It's day four of my trip to get home to New Jersey from Florida. I decided to take a train from Orlando to New York City after days of flight cancellations.
I'm in the dining car of Amtrak Silver Meteor's 21-hour ride, sipping coffee and reading my phone as I try to ignore the medium-framed middle-aged man with reddish brown hair. He decided to just walk over and sit at my table uninvited, and now he hands me his phone, forcing me to read it.
"I think you're really pretty," the note reads. "I don't want you to think I'm a creeper."
Terrified, I don't know how to react. I'm trapped in this moving machine with nowhere to run.
"Did you read it?" he asks.
I tell him I'm married. He returns to his table, still staring at me. I know I have to be careful to not upset him. I continue to sit by myself quietly reading my phone before trying to inconspicuously return to my seat, six cars down, hoping he doesn't follow.
It wasn't supposed to be this way. Just 16 hours earlier on a bright, sunny afternoon in Orlando, I boarded the Amtrak train full of hope. Two days of long lines after severe weather canceling flights to Newark, LaGuardia and JFK airports tested my patience. I decided to hop on the train, seeing the long ride as an adventure and a way home as a first-timer.
What I didn't factor in are the vulnerabilities as a solo woman traveler. Unlike a plane ride that's two hours, you are trapped on a train for 21 hours.

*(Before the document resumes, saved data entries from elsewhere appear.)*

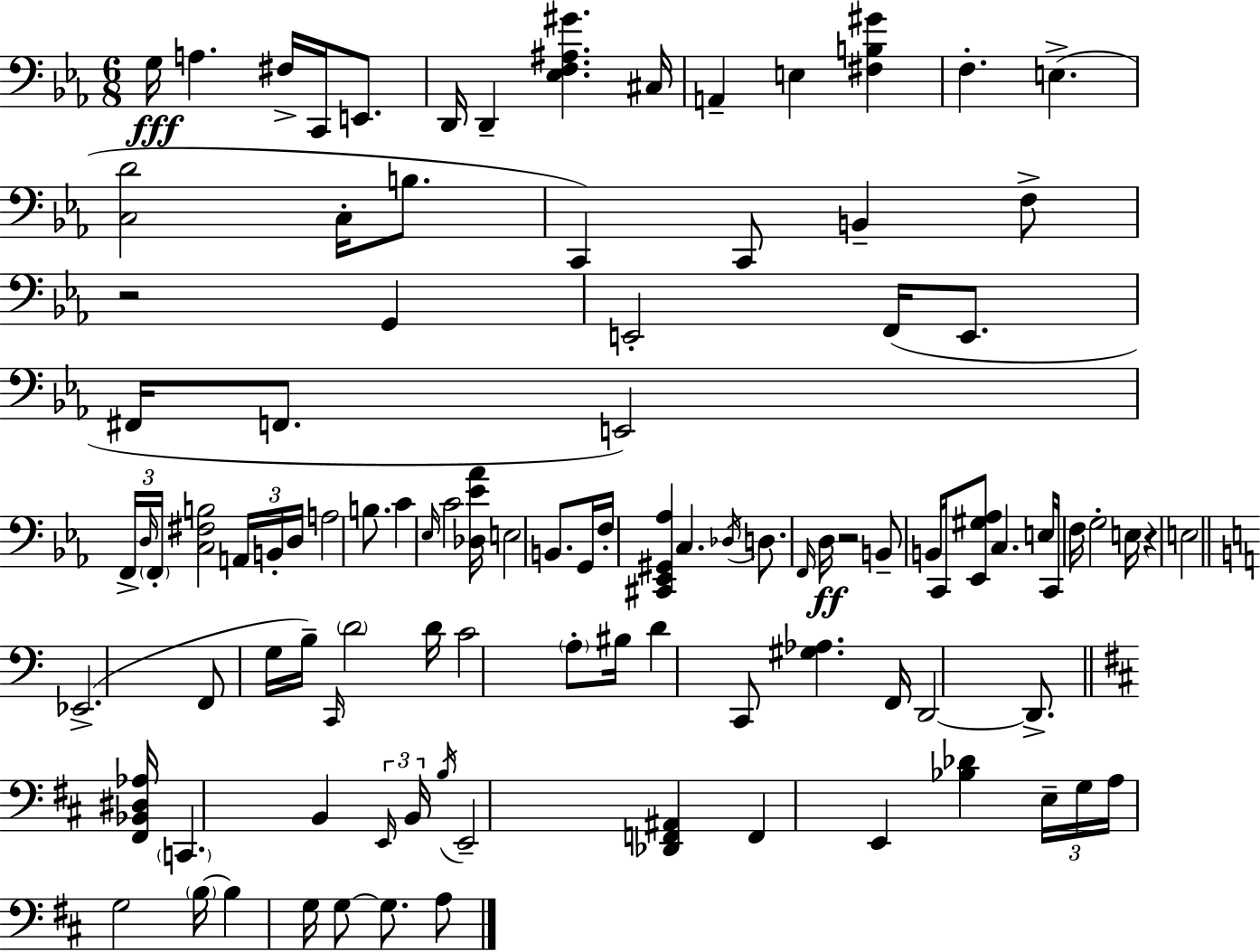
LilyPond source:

{
  \clef bass
  \numericTimeSignature
  \time 6/8
  \key c \minor
  g16\fff a4. fis16-> c,16 e,8. | d,16 d,4-- <ees f ais gis'>4. cis16 | a,4-- e4 <fis b gis'>4 | f4.-. e4.->( | \break <c d'>2 c16-. b8. | c,4) c,8 b,4-- f8-> | r2 g,4 | e,2-. f,16( e,8. | \break fis,16 f,8. e,2) | \tuplet 3/2 { f,16-> \grace { d16 } \parenthesize f,16-. } <c fis b>2 \tuplet 3/2 { a,16 | b,16-. d16 } a2 b8. | c'4 \grace { ees16 } c'2 | \break <des ees' aes'>16 e2 b,8. | g,16 f16-. <cis, ees, gis, aes>4 c4. | \acciaccatura { des16 } d8. \grace { f,16 } d16\ff r2 | b,8-- b,16 c,16 <ees, gis aes>8 c4. | \break e16 c,16 f16 g2-. | e16 r4 e2 | \bar "||" \break \key c \major ees,2.->( | f,8 g16 b16--) \grace { c,16 } \parenthesize d'2 | d'16 c'2 \parenthesize a8-. | bis16 d'4 c,8 <gis aes>4. | \break f,16 d,2~~ d,8.-> | \bar "||" \break \key d \major <fis, bes, dis aes>16 \parenthesize c,4. b,4 \tuplet 3/2 { \grace { e,16 } | b,16 \acciaccatura { b16 } } e,2-- <des, f, ais,>4 | f,4 e,4 <bes des'>4 | \tuplet 3/2 { e16-- g16 a16 } g2 | \break \parenthesize b16~~ b4 g16 g8~~ g8. | a8 \bar "|."
}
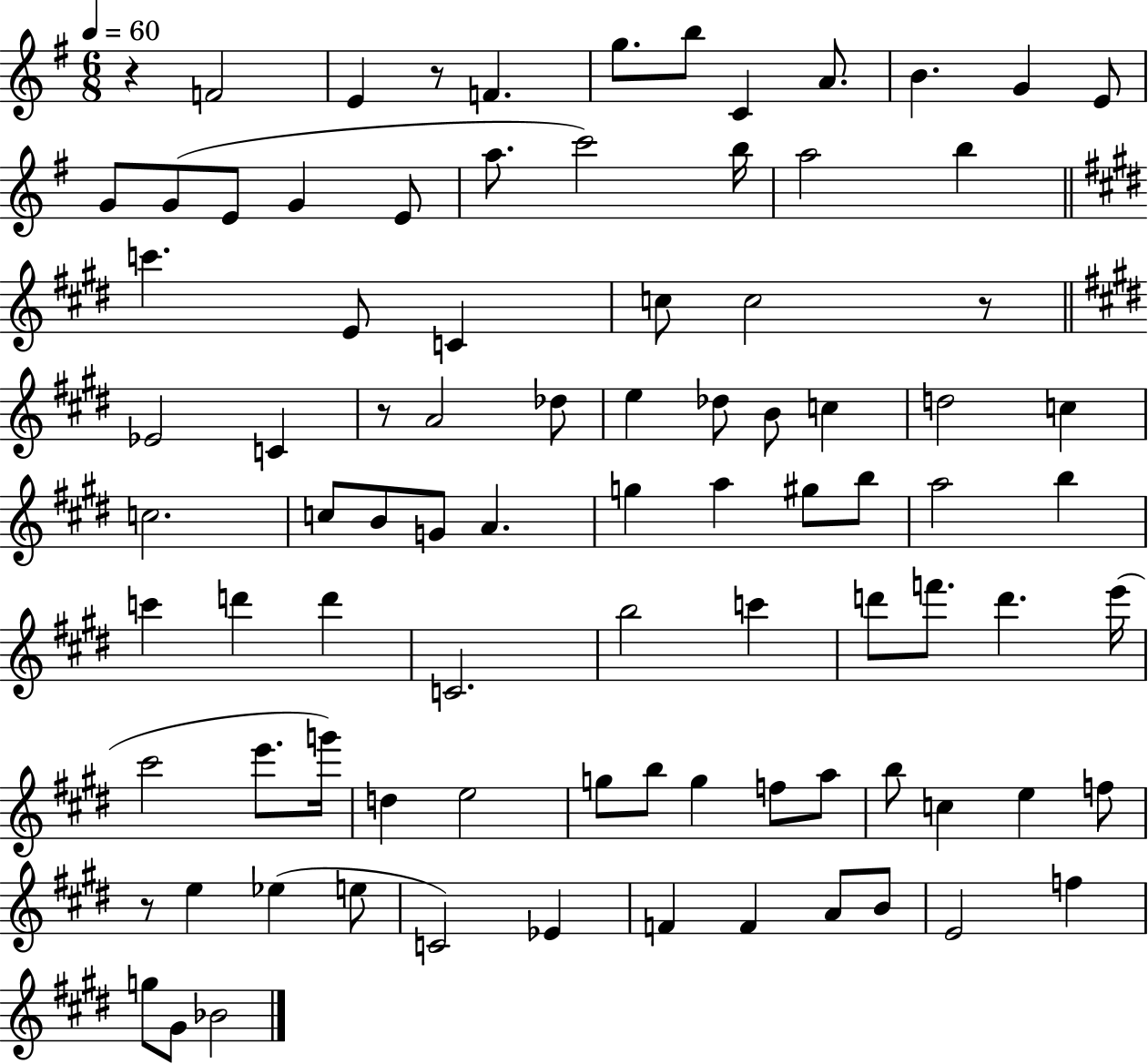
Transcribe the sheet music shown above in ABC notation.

X:1
T:Untitled
M:6/8
L:1/4
K:G
z F2 E z/2 F g/2 b/2 C A/2 B G E/2 G/2 G/2 E/2 G E/2 a/2 c'2 b/4 a2 b c' E/2 C c/2 c2 z/2 _E2 C z/2 A2 _d/2 e _d/2 B/2 c d2 c c2 c/2 B/2 G/2 A g a ^g/2 b/2 a2 b c' d' d' C2 b2 c' d'/2 f'/2 d' e'/4 ^c'2 e'/2 g'/4 d e2 g/2 b/2 g f/2 a/2 b/2 c e f/2 z/2 e _e e/2 C2 _E F F A/2 B/2 E2 f g/2 ^G/2 _B2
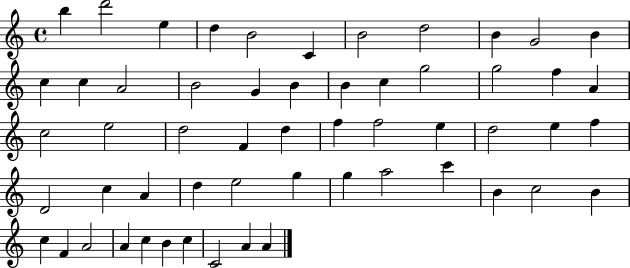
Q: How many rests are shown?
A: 0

And unlike airports with deep security checks for weapons and other dangerous items, there are no security checks on these long distance train rides, which is why I knew to be extra cautious to not upset the man eyeing me.
Rattled, I was relieved that I wasn't followed back to my seat. But that was short-lived as just after the Washington, D.C. stop, another man decided he had to sit next to me. There were empty seats in the car. But he asked me to move my bag next to me so he could sit there.
Intuitively, it didn't seem right. If there are empty seats, why specifically target the solo woman to sit next to?
I felt cornered against the window. The thrill I had in seeing the country from that window dissipated. I wanted out, but knew not to upset the man. He may not have had ill intentions, but the dining car incident had me on edge.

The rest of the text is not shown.